Die Diagnose erfolgt vor allem klinisch. Bei der Untersuchung findet sich ein Druckschmerz über dem betroffenen Epikondylus. Beim Tennisellenbogen kommt es bei passiver Dehnung des M. extensor carpi radialis zu Spontanschmerzen am Epicondylus radialis. Der Schmerz wird durch Faustschluss in der Regel (erheblich) verstärkt.
Der Golferellenbogen präsentiert sich klinisch ähnlich, allerdings kann hier der Druckschmerz auch einziges Symptom überhaupt sein. Laborbefunde, Röntgenaufnahmen und oft auch MRT-Aufnahmen sind in der Regel ohne pathologischen Befund.
Weil durch den Schmerz und die Schmerzverstärkung durch Faustsschluss sowohl die Funktionalität des Ellbogengelenkes als auch des Handgelenkes und der Hand eingeschränkt ist, ist der Leidensdruck und die Einschränkung der Beweglichkeit im Alltag oft erheblich.
Wird die ursächlich belastende Handlung eingestellt, kommt es häufig zur Abheilung auch ohne Therapie, wenngleich dies Tage (akutes Geschehen) oder Wochen bis Monate dauern kann. Sind die Betroffenen gezwungen ihrer Tätigkeit weiter nachzugehen (z.B. aus finanziellen oder sozialmedizinischen Gründen), ist die Therapie oft ein monatelanger Prozess, der nicht selten mit nur geringem Erfolg verläuft.

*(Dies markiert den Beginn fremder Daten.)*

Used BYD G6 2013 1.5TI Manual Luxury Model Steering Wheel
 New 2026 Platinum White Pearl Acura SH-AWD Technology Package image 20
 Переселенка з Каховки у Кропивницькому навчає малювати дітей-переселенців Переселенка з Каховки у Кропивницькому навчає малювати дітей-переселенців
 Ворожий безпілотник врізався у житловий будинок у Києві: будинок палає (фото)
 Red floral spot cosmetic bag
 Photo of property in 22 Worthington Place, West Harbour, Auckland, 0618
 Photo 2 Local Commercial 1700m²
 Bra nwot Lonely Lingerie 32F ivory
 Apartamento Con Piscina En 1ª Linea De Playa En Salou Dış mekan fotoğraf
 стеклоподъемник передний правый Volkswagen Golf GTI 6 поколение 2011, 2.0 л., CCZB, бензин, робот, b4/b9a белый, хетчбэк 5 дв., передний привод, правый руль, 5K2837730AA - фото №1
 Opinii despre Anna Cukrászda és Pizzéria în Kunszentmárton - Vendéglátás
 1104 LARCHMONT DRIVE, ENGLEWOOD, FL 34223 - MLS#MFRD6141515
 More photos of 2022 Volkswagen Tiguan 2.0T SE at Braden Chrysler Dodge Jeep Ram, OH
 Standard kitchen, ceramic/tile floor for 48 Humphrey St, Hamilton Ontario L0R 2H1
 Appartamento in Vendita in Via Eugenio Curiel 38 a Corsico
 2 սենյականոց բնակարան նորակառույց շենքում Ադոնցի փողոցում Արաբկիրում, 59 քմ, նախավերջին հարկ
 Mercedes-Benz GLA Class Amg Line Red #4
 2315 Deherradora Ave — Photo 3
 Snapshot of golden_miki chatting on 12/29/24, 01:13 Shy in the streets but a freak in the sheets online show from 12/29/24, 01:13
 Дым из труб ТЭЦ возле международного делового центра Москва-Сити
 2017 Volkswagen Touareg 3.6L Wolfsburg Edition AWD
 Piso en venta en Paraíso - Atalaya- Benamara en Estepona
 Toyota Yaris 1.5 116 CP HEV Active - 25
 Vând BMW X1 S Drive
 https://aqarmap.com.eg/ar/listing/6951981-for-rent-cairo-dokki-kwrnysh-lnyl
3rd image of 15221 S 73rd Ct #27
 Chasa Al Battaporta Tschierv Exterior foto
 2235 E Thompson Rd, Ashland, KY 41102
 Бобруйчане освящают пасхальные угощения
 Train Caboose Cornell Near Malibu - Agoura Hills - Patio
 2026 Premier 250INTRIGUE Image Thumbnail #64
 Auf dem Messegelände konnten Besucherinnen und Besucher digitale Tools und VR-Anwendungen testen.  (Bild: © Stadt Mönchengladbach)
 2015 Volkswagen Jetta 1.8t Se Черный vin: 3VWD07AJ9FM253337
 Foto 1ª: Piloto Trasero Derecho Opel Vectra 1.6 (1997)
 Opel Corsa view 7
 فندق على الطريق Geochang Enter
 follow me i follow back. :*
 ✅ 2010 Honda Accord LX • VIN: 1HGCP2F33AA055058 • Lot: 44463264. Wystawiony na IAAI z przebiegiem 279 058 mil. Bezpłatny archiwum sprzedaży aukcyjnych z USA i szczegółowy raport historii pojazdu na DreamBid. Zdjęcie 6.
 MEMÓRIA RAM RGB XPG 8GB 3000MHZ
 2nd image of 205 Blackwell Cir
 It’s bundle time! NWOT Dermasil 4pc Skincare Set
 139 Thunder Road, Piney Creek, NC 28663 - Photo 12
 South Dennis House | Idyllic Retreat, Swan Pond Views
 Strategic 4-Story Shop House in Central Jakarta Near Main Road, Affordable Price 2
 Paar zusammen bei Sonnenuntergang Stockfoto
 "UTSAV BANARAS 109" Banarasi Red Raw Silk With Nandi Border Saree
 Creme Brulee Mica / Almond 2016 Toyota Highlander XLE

Therapeutisch kommen lokal schmerzlindernde Salben und Cremes, Bandagen, physikalische, krankengymnastische oder manuelle Therapien zur Anwendung. Zudem gibt es die Möglichkeit der Behandlung mit lokaler Kältetherapie, transkutaner Nervenstimulation, Akupunktur, Botulinumtoxin-Injektion, Injektion analgetischer und entzündungshemmender Wirkstoffe oder Stoßwellentherapie. Operative Therapien sind meist nur von mäßigem Erfolg.
Mitunter kommt es nach Monaten der – nicht selten sehr unbefriedigenden Therapieergebnisse – zu einer langsamen Rückbildung der Symptome. Kontrakturen oder Folgeschäden bleiben in der Regel nicht zurück.